Nissan and Porsche are poised to have Pro class entries in the Total 24 Hours of Spa, despite not having cars in the top category for the full season of the Blancpain GT Series, thanks to a caveat in the Intercontinental GT Challenge rulebook.
Both manufacturers are not eligible to enter its cars in the Pro Cup for the Belgian endurance classic, under Blancpain GT rules, as at least two cars must be entered for the full season, and one of them being in the Pro class.
Nissan has two GT-R NISMO GT3s in the Endurance Cup with RJN Motorsport, but is no longer competing in the Sprint Cup this season.
RJN boss Bob Neville told Sportscar365 that he was confident Nissan would have its two Pro Cup entries at Spa, but declined any further comment.
Porsche, meanwhile, has no cars in the Sprint Cup and even lacks a Pro entry in the Endurance Cup, with only the Pro-Am class Herberth Motorsport and Roock Racing confirmed entires so far.
Stéphane Ratel told Sportscar365 the only way around this rule is to enter two cars in the full IGTC season, which expands to a four-race calendar this year.
“Basically, we need to have a written commitment from the manufacturer saying, ‘Yes, we’ll do [IGTC]’,” Ratel told Sportscar365.
“[Nissan] was at Bathurst and are committed to come to other [IGTC] rounds. They would have to do the whole Blancpain GT or whole Intercontinental.”
Even though Porsche hasn’t confirmed plans of entering Spa, speculation has mounted that the German manufacturer is preparing a two-car Pro Cup effort, to be run by Manthey Racing.

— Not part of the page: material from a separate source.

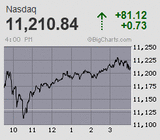 2020.08.18NAS+81.12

Head of Porsche Motorsport Dr. Frank-Steffen Walliser said that a full IGTC program had been under evaluation, especially in regards to a factory supported program at Spa.
“If Porsche wants to come [to Spa] in Pro, I’ll need to receive a message from them saying they’re coming to Sepang, which they did last year, and Laguna Seca, which I very much think they will,” Ratel said.
“I think for Porsche it can happen. If they don’t come [to Sepang] with Manthey they can support Craft and be there. I don’t see it a big problem.”
The SRO boss explained that the full-season mandate has been put into place to protect Blancpain GT’s crown jewel event from turning into an arms race between factory teams.
“We’re very careful in the customer sport nature of GT3,” Ratel said. “There are new manufacturers coming into GT3 that don’t have the customer sport philosophy yet.
“We want to protect the crown jewel. I wouldn’t want it to be won by a manufacturer just popping in.
“Even if I don’t see an immediate risk, I think it needs to be a structure where you need to do a series and have a real customer program.”